*PROBLEM DESCRIPTION:* Set every entry below down once more, exactly as it stands, without images.

(Collected data)
+---+

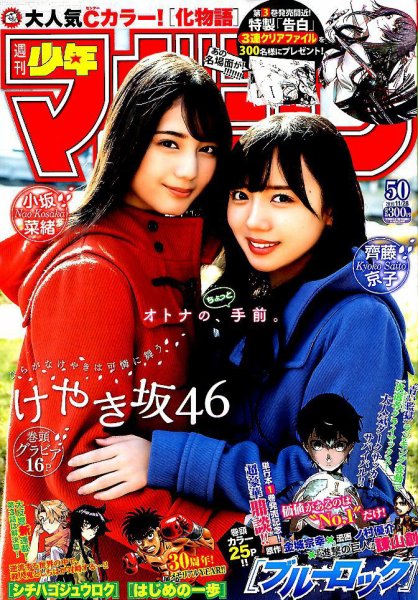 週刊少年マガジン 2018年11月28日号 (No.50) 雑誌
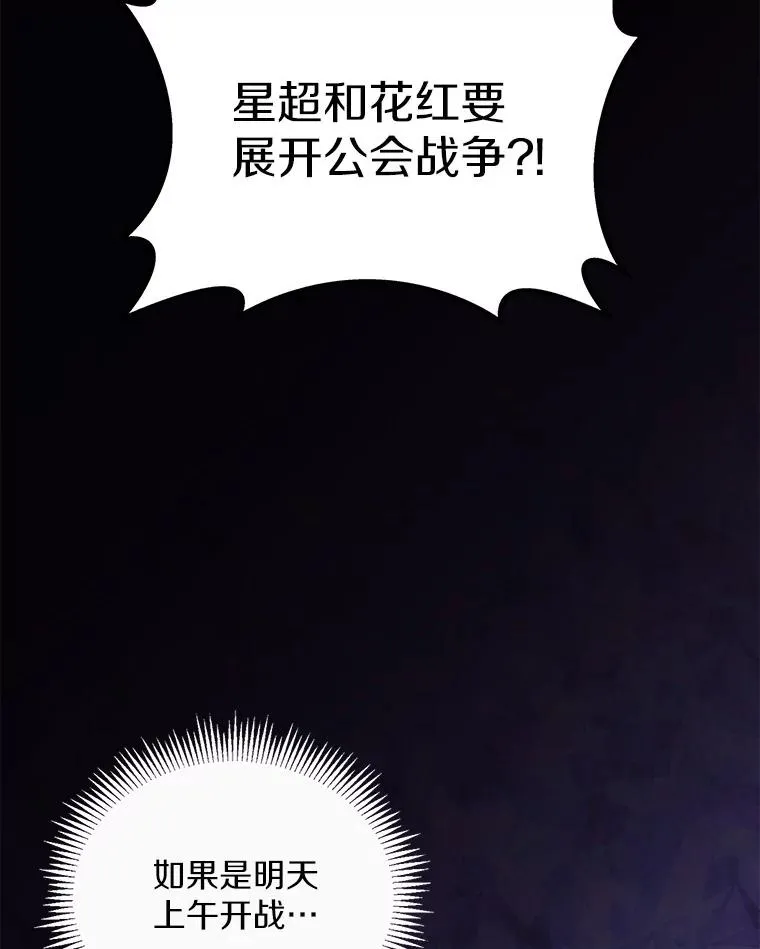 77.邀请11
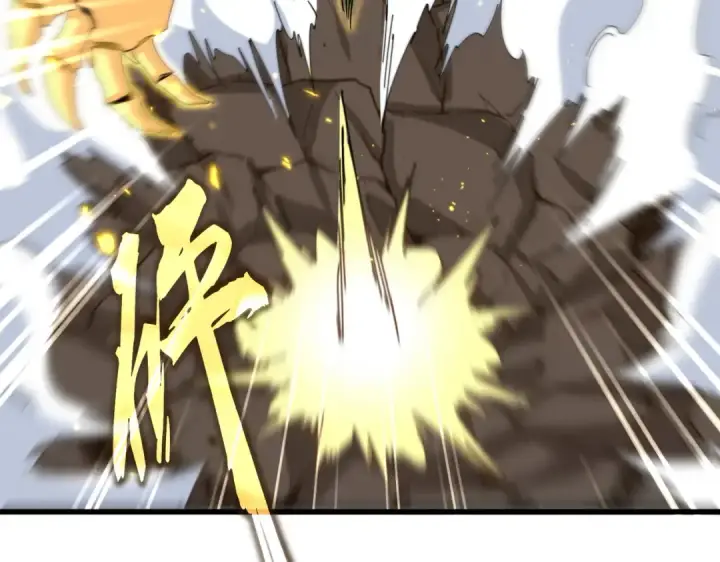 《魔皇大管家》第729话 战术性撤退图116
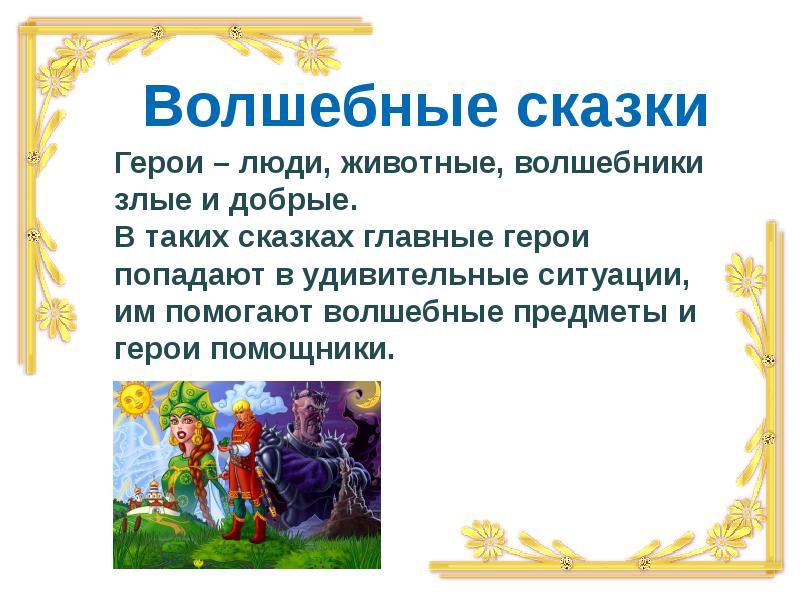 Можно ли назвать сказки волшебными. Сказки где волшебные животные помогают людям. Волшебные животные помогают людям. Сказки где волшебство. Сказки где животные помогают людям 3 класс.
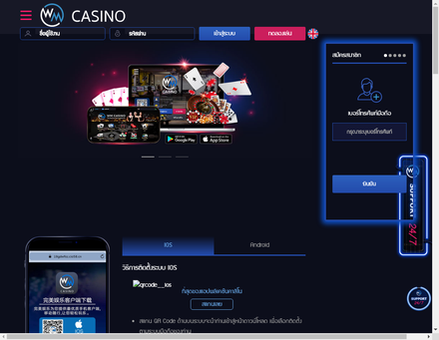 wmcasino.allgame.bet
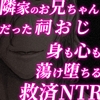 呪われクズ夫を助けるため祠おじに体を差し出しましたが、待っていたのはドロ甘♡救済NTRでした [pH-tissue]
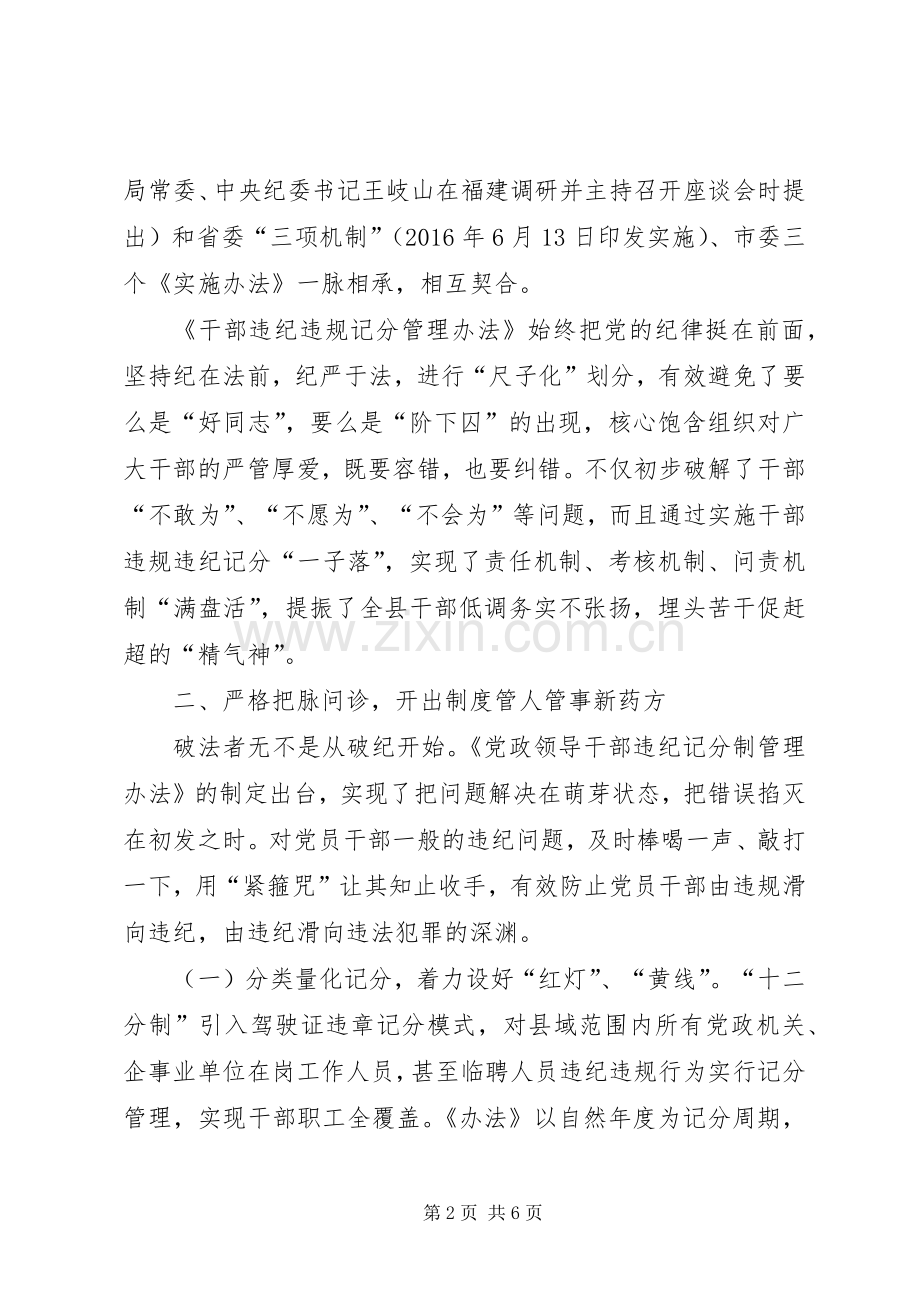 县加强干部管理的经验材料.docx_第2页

+---+

*WRITTEN RESPONSE:*
 週刊少年マガジン 2018年11月28日号 (No.50) 雑誌
 77.邀请11
 《魔皇大管家》第729话 战术性撤退图116
 Можно ли назвать сказки волшебными. Сказки где волшебные животные помогают людям. Волшебные животные помогают людям. Сказки где волшебство. Сказки где животные помогают людям 3 класс.
 wmcasino.allgame.bet
 呪われクズ夫を助けるため祠おじに体を差し出しましたが、待っていたのはドロ甘♡救済NTRでした [pH-tissue]
 县加强干部管理的经验材料.docx_第2页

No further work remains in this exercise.